Há cerca de 22 milhões de anos, o Simbakubwa era um feroz predador que possuía "muitas lâminas", afirmam paleontólogos.

Por Catherine Zuckerman
Publicado 1 de mai. de 2019, 11:17 BRT, Atualizado 5 de nov. de 2020, 03:22 BRT
Simbakubwa kutokaafrika, um carnívoro gigante conhecido em grande parte por sua mandíbula, partes do crânio e partes do esqueleto encontradas no Quênia, foi membro do extinto grupo conhecido como hienodontes.

O pequeno amontoado de misteriosos fósseis permaneceu intocado por décadas, guardado em segurança numa gaveta do Museu Nacional de Nairóbi, no Quênia. Mas, agora, a análise dos restos primitivos revela que pertenceram a um mamífero carnívoro gigante maior que o urso polar, uma espécie recém-descoberta e batizada de Simbakubwa kutokaafrika.
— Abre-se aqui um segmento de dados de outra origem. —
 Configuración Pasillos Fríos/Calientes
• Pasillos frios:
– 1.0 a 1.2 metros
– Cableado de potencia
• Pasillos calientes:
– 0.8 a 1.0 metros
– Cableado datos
Relatado no Journal of Vertebrate Paleontology, o poderoso predador vagou pela Terra há mais ou menos 22 milhões de anos. Embora a palavra simbakubwa signifique "leão grande" no idioma suaíle, esse monstruoso animal não era, de fato, um felino grande. Na verdade, ele é o mais antigo membro conhecido de um grupo extinto de mamíferos chamados hienodontes, assim batizados em função da semelhança dental com as hienas, muito embora os grupos não tenham relação entre si.

A descoberta ajuda a ligar alguns dos pontos evolutivos desse grupo de gigantes carnívoros, próximos ao topo da cadeia alimentar dos mesmos ecossistemas africanos em que também evoluíam os primeiros grandes primatas e os macacos. O fóssil pode ainda ajudar os cientistas a entenderem melhor por que esses exímios predadores acabaram não sobrevivendo.
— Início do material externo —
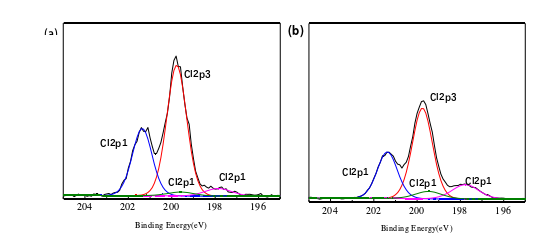 氣等離子體處理前后Cl2p的分峰譜圖:(a)未處理(b)處理后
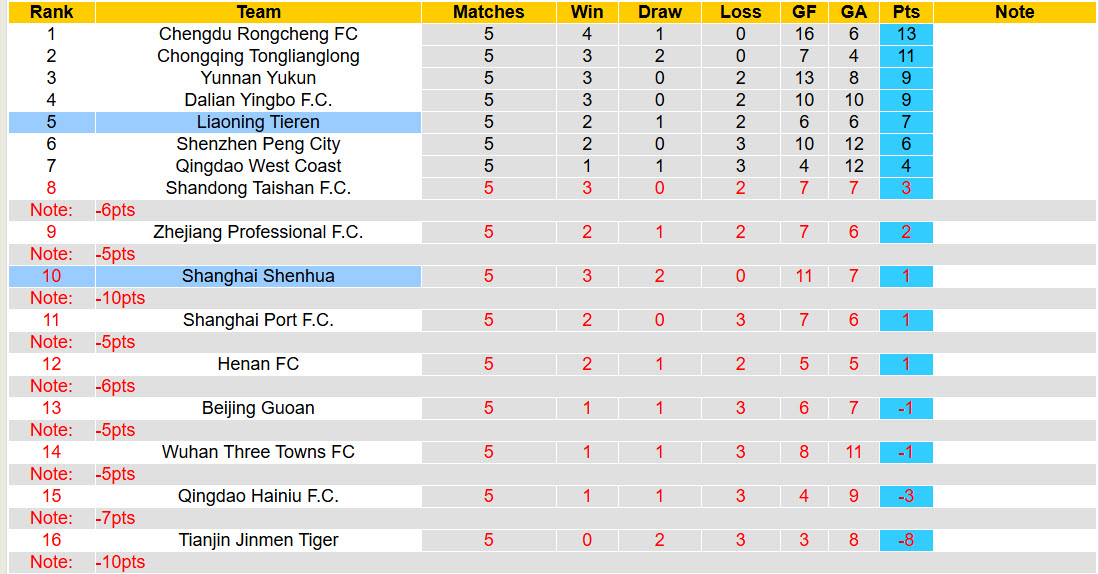 Nhận định, soi kèo Shanghai Shenhua vs Liaoning Tieren, 19h00 ngày 18/4: Từng bước tiến lên - Ảnh 4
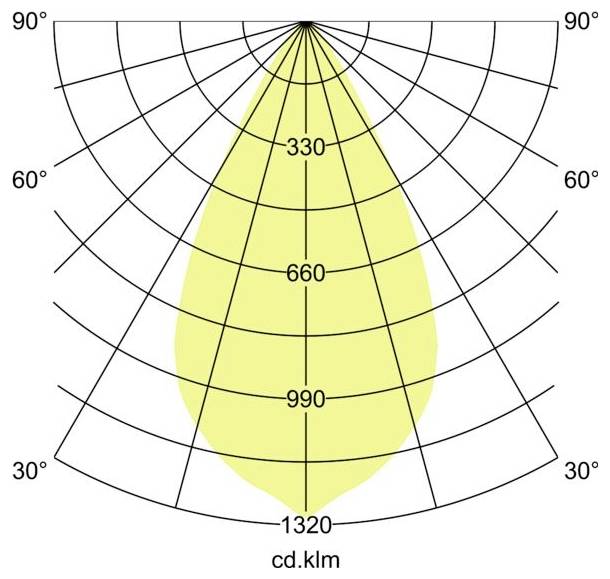 Polarlichverteilungsdiagramm, das einen engen Abwärtsstrahl mit Intensitätsmarkierungen von 330, 660, 990 und 1320 cd·klm sowie Winkeln von 30° bis 90° zeigt.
Crânio do leão moderno do Quênia (parte superior) colocado próximo à mandíbula esquerda do carnívoro Simbakubwa kutokaafrika, de 22 milhões de anos de idade.
Foto de Matthew Borths

O achado "é uma boa chance de mostrarmos esses outros predadores carnívoros menos conhecidos", afirma Jack Tseng, biólogo evolutivo e paleontólogo de vertebrados na Universidade de Buffalo, que não participou do estudo. “Antes mesmo de os antepassados dos carnívoros modernos tão famosos entre nós evoluírem, como leões, hienas, lobos, a cena global dos predadores era basicamente dominada por esses hienodontes".

Muitas lâminas

Em 2013, o paleontólogo Matthew Borths realizava pesquisas no museu de Nairóbi para sua dissertação sobre os hienodontes, quando perguntou a um curador se podia dar uma olhada nos espécimes. Lá, encontrou os incomuns fósseis num armário que fazia parte de um acervo com a indicação de "hienas".
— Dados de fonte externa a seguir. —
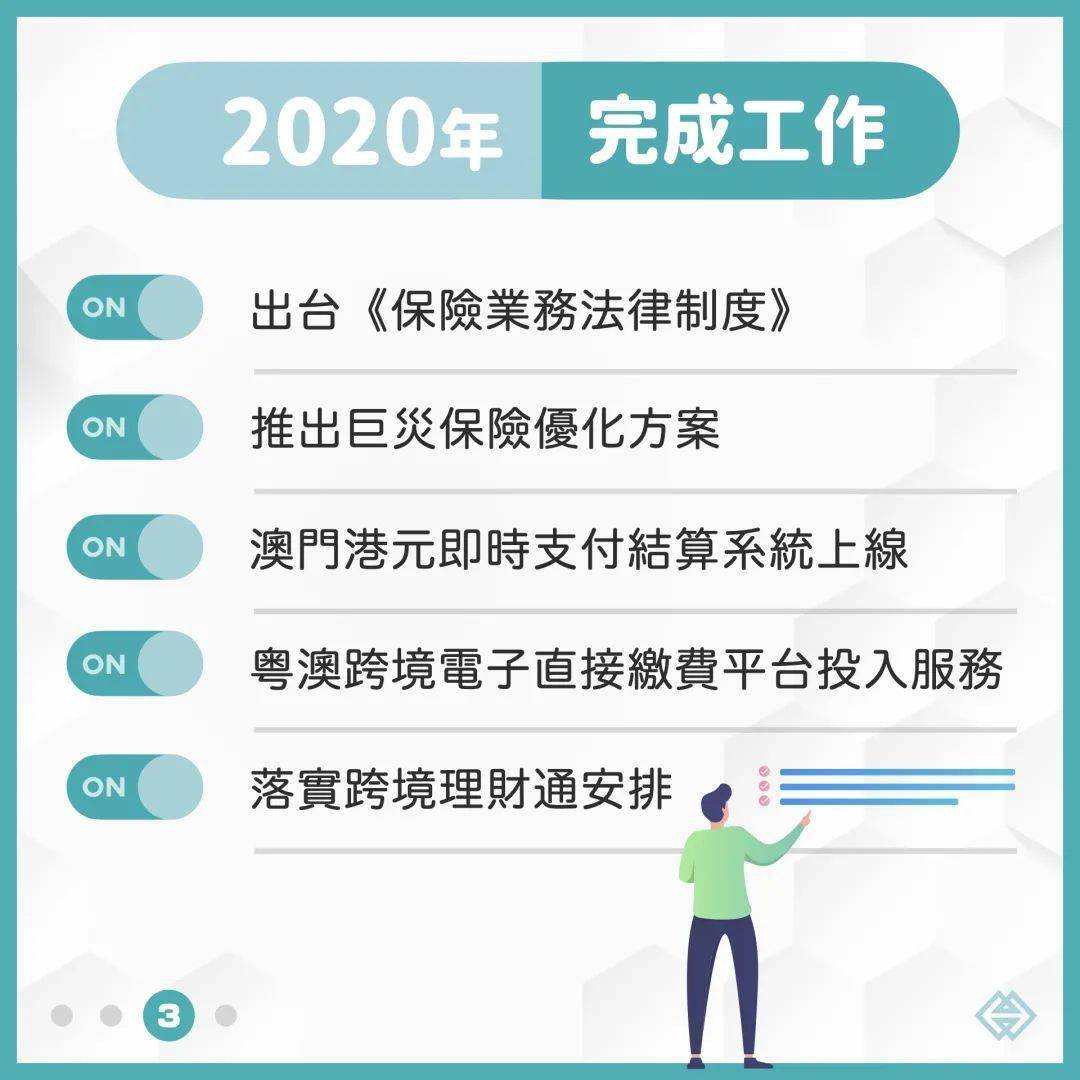 新澳门精准资料大全管家婆料,经济性执行方案剖析_豪华版22.930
Os fósseis haviam sido escavados entre 1978 e 1980 em um sítio na região oeste do Quênia chamado Meswa Bridge. Então, Borths entrou em contato com a paleontóloga da Universidade de Ohio, e patrocinada pela National GeographicNancy Stevens, que descobrira um importante sítio arqueológico na Tanzânia somente alguns milhões de anos mais antigo. O destino dos dois foi então selado quando Stevens disse a Borths que havia aberto a mesma gaveta quando trabalhava em Nairóbi e também ficou surpresa com o conteúdo dela.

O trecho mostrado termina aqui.